**Available data:**

===

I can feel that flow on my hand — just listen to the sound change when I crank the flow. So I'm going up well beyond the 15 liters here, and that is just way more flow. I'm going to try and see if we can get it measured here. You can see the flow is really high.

===

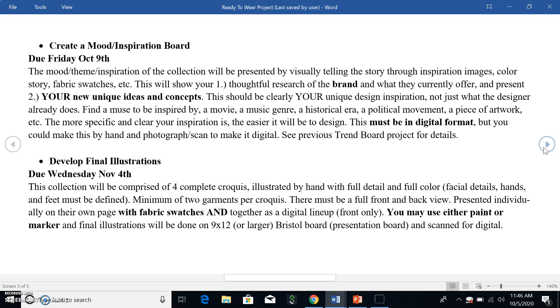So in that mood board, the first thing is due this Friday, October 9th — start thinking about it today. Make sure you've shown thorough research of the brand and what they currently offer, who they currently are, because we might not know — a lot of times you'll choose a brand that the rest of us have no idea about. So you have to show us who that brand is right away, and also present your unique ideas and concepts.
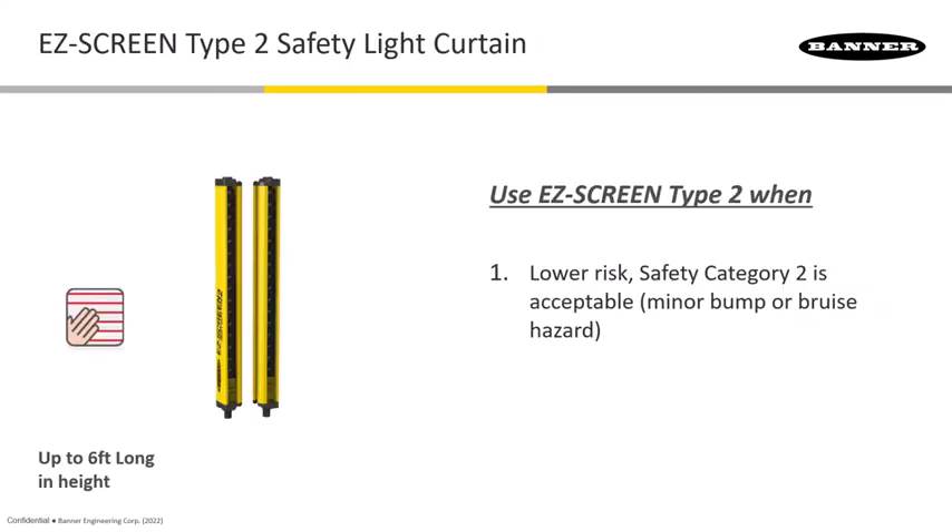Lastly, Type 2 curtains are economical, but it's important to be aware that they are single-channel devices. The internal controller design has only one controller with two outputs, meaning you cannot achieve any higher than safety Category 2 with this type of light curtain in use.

===

**Required work:**
Write out exactly the lines above between the one with "So in that mood" and the one with "Lastly, Type 2", inclusive, with pictures left out.

**Exercise answer:**
So in that mood board, the first thing is due this Friday, October 9th — start thinking about it today. Make sure you've shown thorough research of the brand and what they currently offer, who they currently are, because we might not know — a lot of times you'll choose a brand that the rest of us have no idea about. So you have to show us who that brand is right away, and also present your unique ideas and concepts.
Lastly, Type 2 curtains are economical, but it's important to be aware that they are single-channel devices. The internal controller design has only one controller with two outputs, meaning you cannot achieve any higher than safety Category 2 with this type of light curtain in use.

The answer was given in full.